The code for minimum air channel is 2 inches.  So by putting 2 inch vertical battens, you satisfy that requirement.  However, don't forget that the purpose of ventilation is 1) to dissipate residual heat leaking past the insulation, and 2) to dry out any condensation that may be forming.  If the vapour barrier is doing its job on the warm side of the insulation, then there should be little moisture or condensation to worrry about.  Also don't forget the insulation BELOW the roof deck, as in your situation, you will need it.


----------



## busyflyin

How does a SIP work? Foam core with OSB on both sides. Do they shingle directly on top? What serves as the vapor barrier?


----------



## pgriz

Busyflyin, we're not talking the same thing.  First of all, a SIP panel does not give you anywhere near the R38-R40 of insulation you need in your roof system.  So if you install a SIP panel over vertical battens, you've created a nailing surface, but you have neither a vapour barrier, nor enough insulation, and the inside surface of your roof deck (the part you see from the inside) will be at or below freezing in winter and any moisture you have in the inside air will condense there.  Not a good scenario.

Let's look at this step by step.  Your current situation is as illustrated in Image1.jpg. 
	

	
	
		
		

		
			




E is your current deck, G are the 2x6 rafters and F is the space between them.

I am proposing that you fill in the space between the rafters with blue styrofoam, install a vapour barrier under this (across the rafters), and then install wood planks or boards across the rafters to give your the "wood" look to your ceiling.  This is shown in the following image.

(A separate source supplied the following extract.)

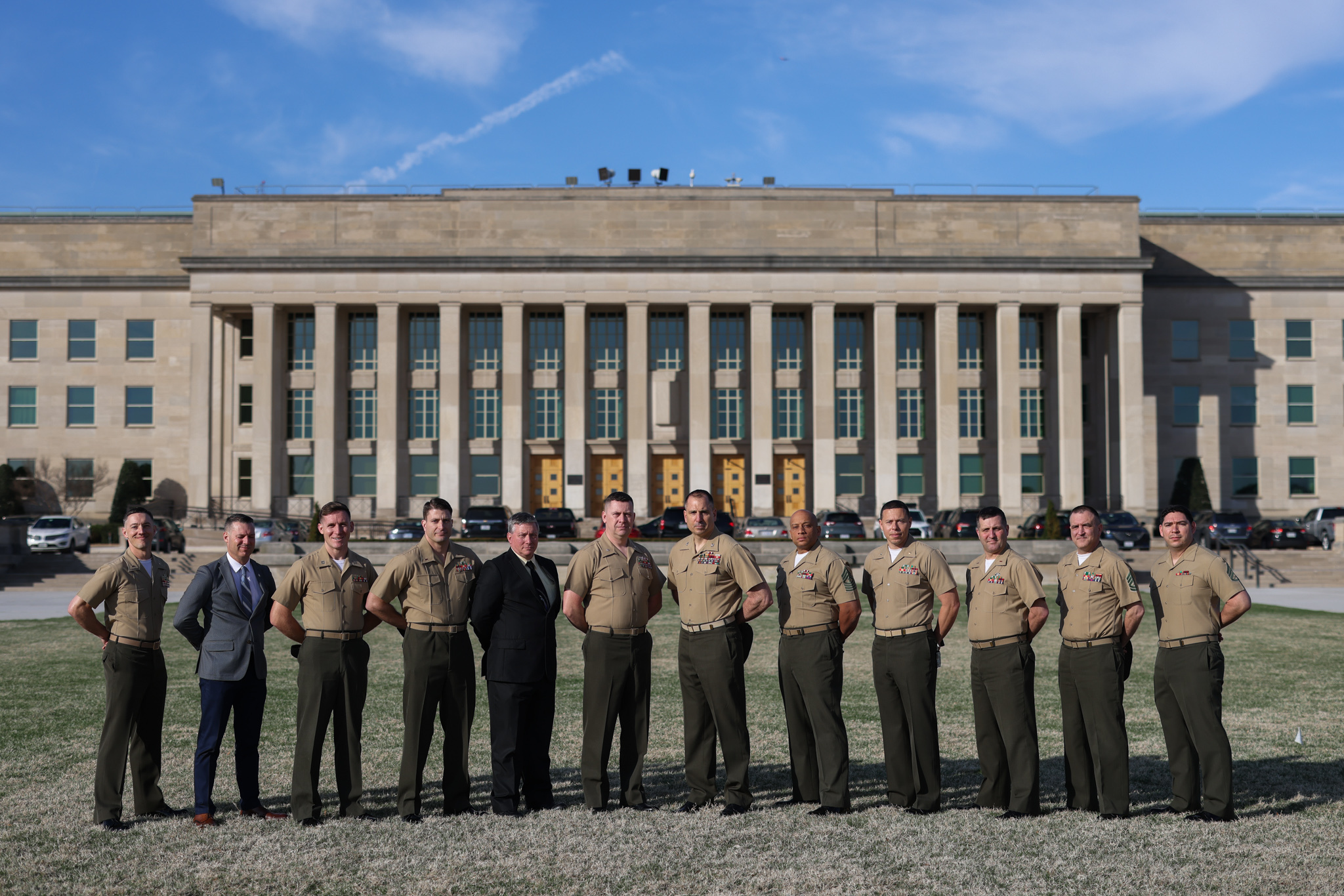 Marines standing in a row outside with their hands behind their backs.
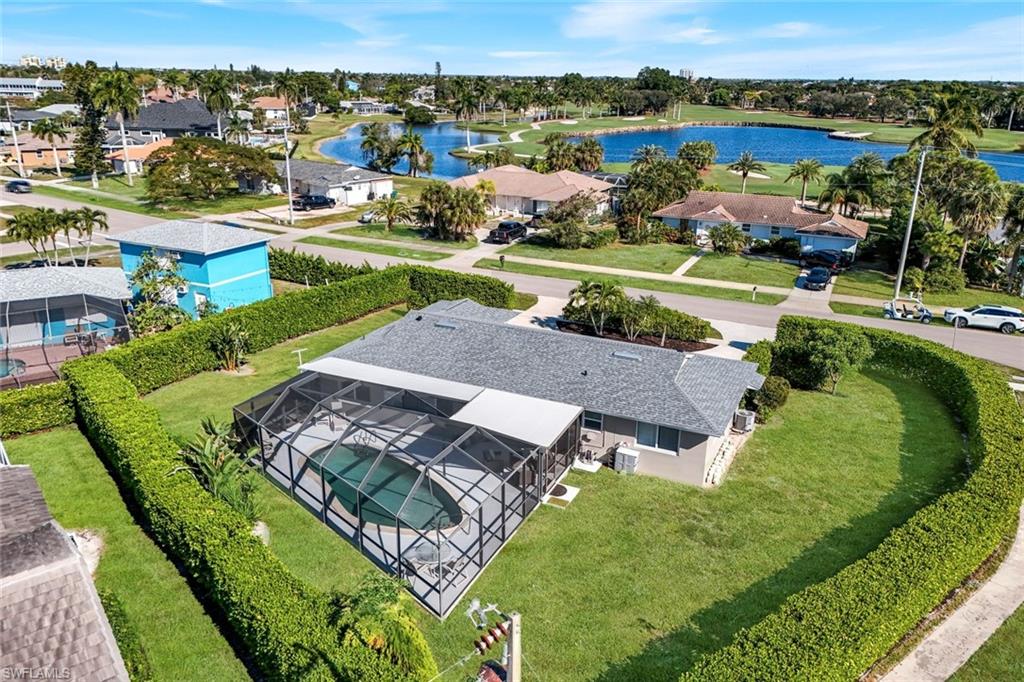 1237 Jamaica Road Marco Island, FL 34145 - Photo 2 of 26 an aerial view of a house with a garden and lake view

Note that the inside space between the rafters (F) is now filled completely.  Then you install the vapour barrier below this (H), and nail your wood planks to the underside (I).  So far, you've got the vapour barrier that prevents moisture from the cottage interior air from reaching the cold parts of the roof.  However, note that the building code in some jurisdictions requires that if the space between rafters is filled with foam insulation, that a fire-proof material (like gyproc) is used as the covering layer.  So you need to check the local codes.

Next, on the outside, you add the two inches of blue styrofoam insulation, place 2x2 inch purlins (oriented vertically) over these, place the OSB on top of the purlins.  This is shown in the following image.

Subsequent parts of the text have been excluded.